* WORK INSTRUCTIONS: With the pictures left aside, write out exactly the lines of the listing below from the line with "And because of" to the line with "Then go to these", both included, and only those.

* LISTED ENTRIES:
- - - -

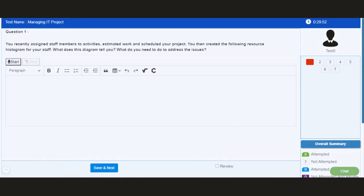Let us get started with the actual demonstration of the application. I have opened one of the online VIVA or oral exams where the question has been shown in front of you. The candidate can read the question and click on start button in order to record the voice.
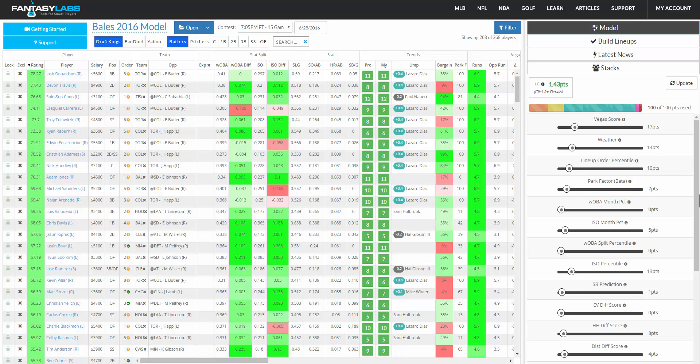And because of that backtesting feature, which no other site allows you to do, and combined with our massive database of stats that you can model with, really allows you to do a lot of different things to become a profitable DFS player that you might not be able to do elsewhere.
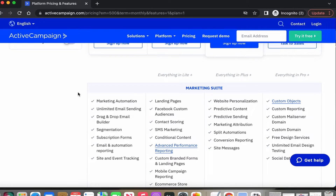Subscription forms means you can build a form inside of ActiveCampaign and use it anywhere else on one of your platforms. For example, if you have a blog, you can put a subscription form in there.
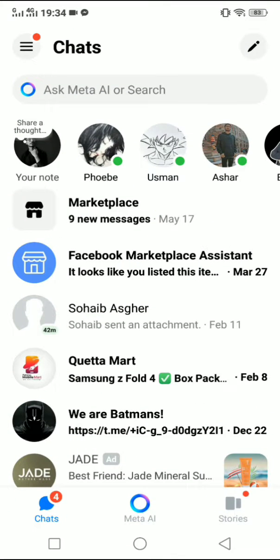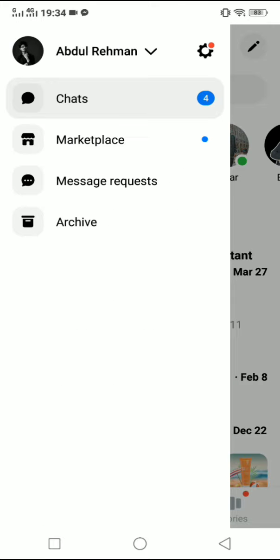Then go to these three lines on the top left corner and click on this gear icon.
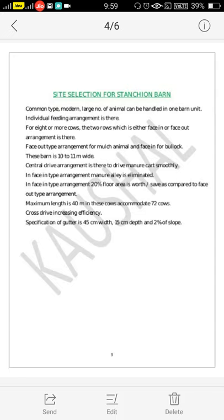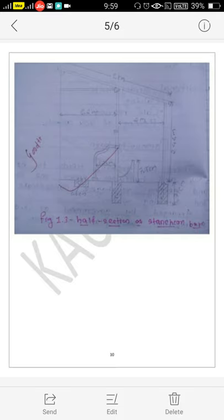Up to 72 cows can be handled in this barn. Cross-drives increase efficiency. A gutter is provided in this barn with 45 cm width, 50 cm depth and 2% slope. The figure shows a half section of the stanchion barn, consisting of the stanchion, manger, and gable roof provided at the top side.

- - - -

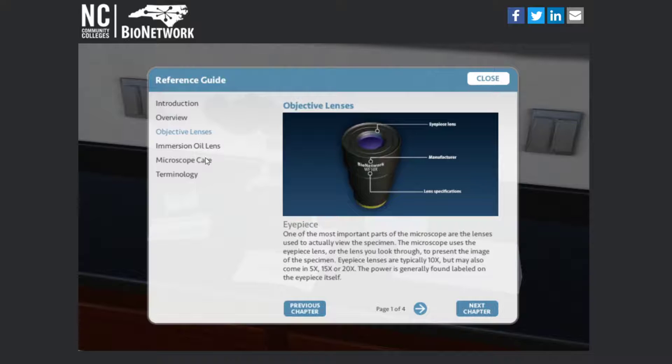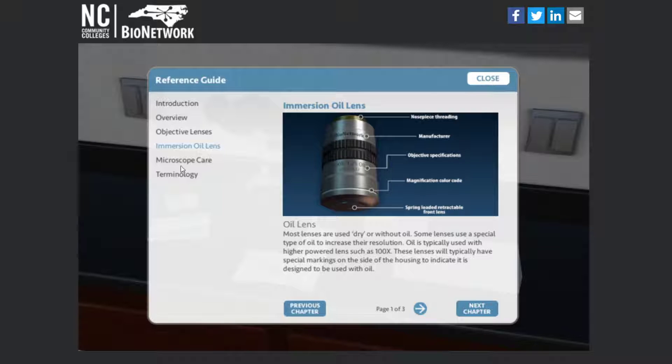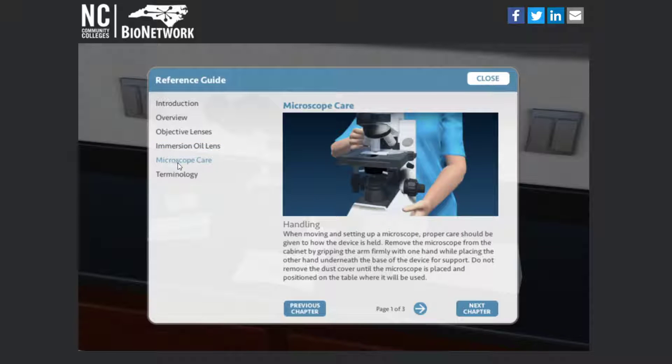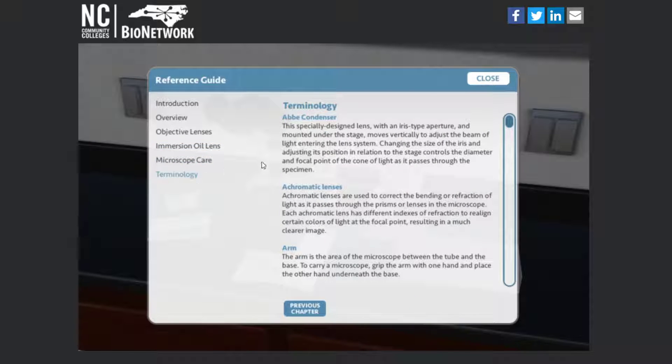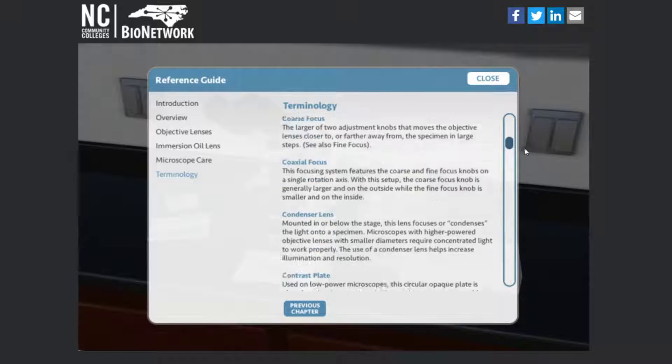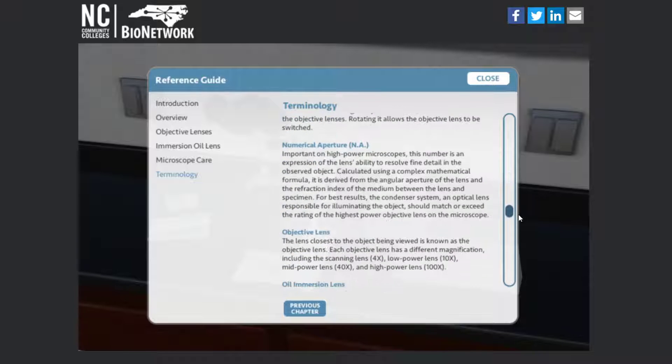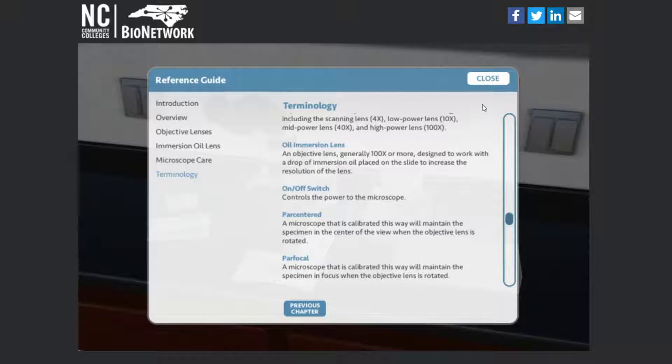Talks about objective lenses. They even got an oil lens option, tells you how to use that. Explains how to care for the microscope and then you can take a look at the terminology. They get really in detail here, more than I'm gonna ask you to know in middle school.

- - - -

* ANSWER SECTION:
And because of that backtesting feature, which no other site allows you to do, and combined with our massive database of stats that you can model with, really allows you to do a lot of different things to become a profitable DFS player that you might not be able to do elsewhere.
Subscription forms means you can build a form inside of ActiveCampaign and use it anywhere else on one of your platforms. For example, if you have a blog, you can put a subscription form in there.
Then go to these three lines on the top left corner and click on this gear icon.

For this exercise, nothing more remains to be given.